Task description: Print nothing but the lines below starting at the line that holds "Lebanto Coffee Tables<Tinian" and ending at the line that holds "Lighthouse Keeping - Donald Duck Cartoon", including both, each exactly as written.

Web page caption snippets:
=====
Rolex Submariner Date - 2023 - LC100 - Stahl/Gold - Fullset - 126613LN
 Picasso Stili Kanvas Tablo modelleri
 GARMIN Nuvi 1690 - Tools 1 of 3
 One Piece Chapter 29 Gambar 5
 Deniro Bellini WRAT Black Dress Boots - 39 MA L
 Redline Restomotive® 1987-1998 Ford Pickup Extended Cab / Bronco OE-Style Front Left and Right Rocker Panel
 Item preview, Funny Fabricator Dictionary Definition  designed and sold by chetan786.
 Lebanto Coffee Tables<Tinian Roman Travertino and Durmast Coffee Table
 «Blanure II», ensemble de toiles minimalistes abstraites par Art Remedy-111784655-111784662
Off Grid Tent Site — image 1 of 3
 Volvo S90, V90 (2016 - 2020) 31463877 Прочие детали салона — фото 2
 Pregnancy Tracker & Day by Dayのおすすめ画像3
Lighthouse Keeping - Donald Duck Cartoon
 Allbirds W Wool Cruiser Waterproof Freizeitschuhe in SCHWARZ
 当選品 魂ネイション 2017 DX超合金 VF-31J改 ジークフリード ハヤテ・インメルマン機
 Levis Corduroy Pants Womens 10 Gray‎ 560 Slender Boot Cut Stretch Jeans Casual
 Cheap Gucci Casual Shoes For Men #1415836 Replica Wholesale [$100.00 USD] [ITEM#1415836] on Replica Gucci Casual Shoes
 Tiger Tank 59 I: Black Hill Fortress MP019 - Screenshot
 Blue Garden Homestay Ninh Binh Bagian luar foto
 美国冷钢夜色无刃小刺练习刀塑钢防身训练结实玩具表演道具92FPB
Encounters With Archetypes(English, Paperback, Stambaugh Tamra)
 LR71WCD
=====
Exercise solution:
 Lebanto Coffee Tables<Tinian Roman Travertino and Durmast Coffee Table
 «Blanure II», ensemble de toiles minimalistes abstraites par Art Remedy-111784655-111784662
Off Grid Tent Site — image 1 of 3
 Volvo S90, V90 (2016 - 2020) 31463877 Прочие детали салона — фото 2
 Pregnancy Tracker & Day by Dayのおすすめ画像3
Lighthouse Keeping - Donald Duck Cartoon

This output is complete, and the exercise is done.